A défaut d’une formation professionnelle adéquate, ce sont surtout des jeunes diplômés au chômage qui occupent ces postes. Imaginez la frustration de se voir occuper un poste de secrétaire au bout de toutes ces années d’études ou encore le mécontentement des patrons devant ces employés qui ne savent pas à quoi rime le secrétariat.
Avant 1990, les écoles professionnelles étaient bien nombreuses. En plus, la plupart d’entre elles étaient financées par tel ou tel ministère. Celui du commerce dans le cas des lycées de la filière économique et commerciale, celui des Transports pour les écoles de transports, etc. Or, aux termes de la loi de l’Education de 1995, les écoles professionnelles ont été placées sous l’égide des municipalités locales. Dépourvues des fonds nécessaires, celles-ci ont tourné le dos à tous ces établissements scolaires dont la plupart sont de nos jours tombées en ruine. C’est le cas de l’école professionnelle de hôtellerie de Calimanesti, fameuse jadis pour le niveau des compétences professionnelles offert aux élèves.
Vers le début des années 2012, l’ancien ministre de l’Education, Daniel Funeriu, a lancé un nouveau modèle pour les écoles professionnelles d’inspiration allemande, à savoir le système dual.

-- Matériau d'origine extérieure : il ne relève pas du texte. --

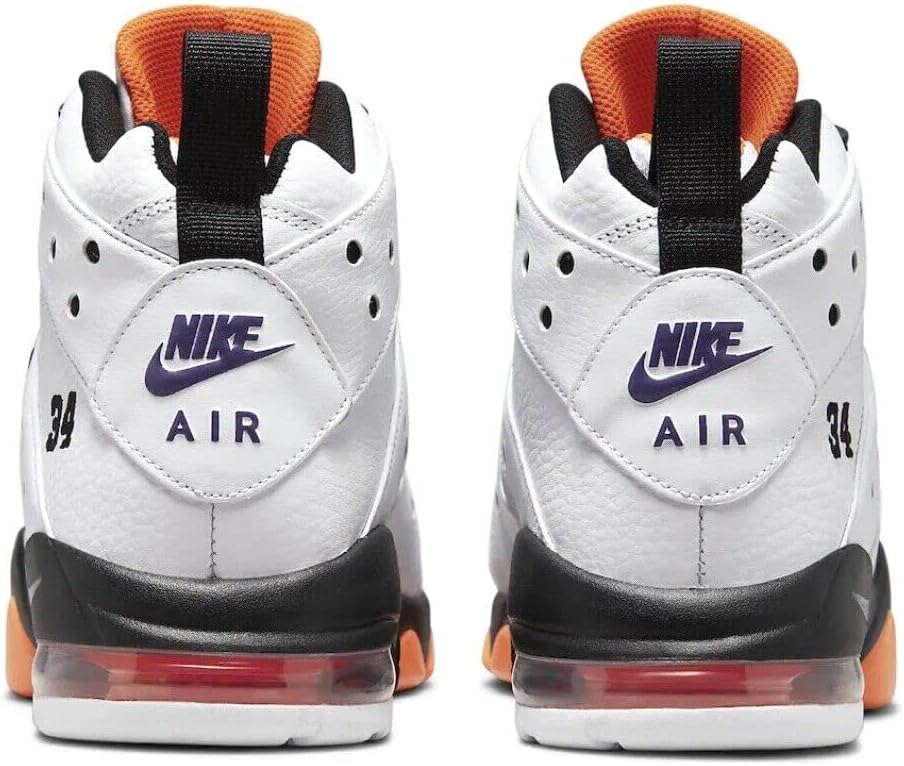 Nike Men's Air Max 2 CB '94 Sneakers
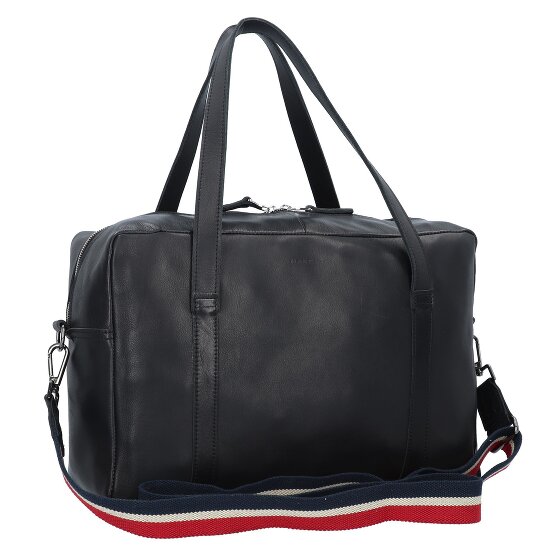 Harold's Bague Borsa a tracolla Pelle 40 cm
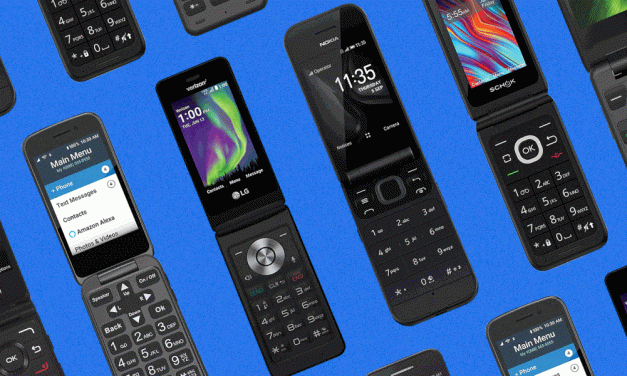 दुनिया में Top 7 Best स्मार्ट फोन, Pros and Cons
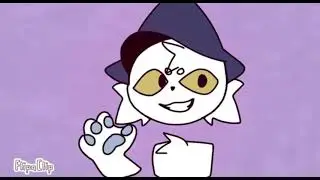 ASTRID MEME // COLLAB // &hearts;★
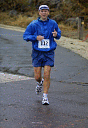 2151570IMG.JPG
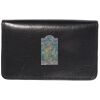 Soho Magnetic Card Case Thumbnail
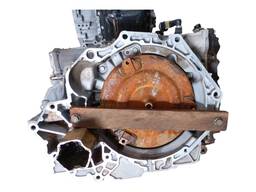 Caixa Cambio Cruze 1.4 Turbo 2017 a 2023 Aut. Detalhe Tampa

Concrètement, cette option consiste en l’apprentissage sur le tas, accompagné d’une formation dans une école professionnelle. Ce choix permet de travailler en parallèle « avec les mains et avec la tête ». En outre, il permet à l’élève de se voir embaucher, s’il le souhaite, par l’entreprise dans laquelle il a fait son stage.
Si avant 2014, la formation professionnelle proposée aux élèves roumains s’étalait sur deux ans seulement, à partir de cette année, elle est de trois ans. A la fin, les élèves passent un examen en présence du chef de l’entreprise qui l’avait accueilli en stage et ils se voient délivrer un certificat de compétences reconnu partout dans l’UE.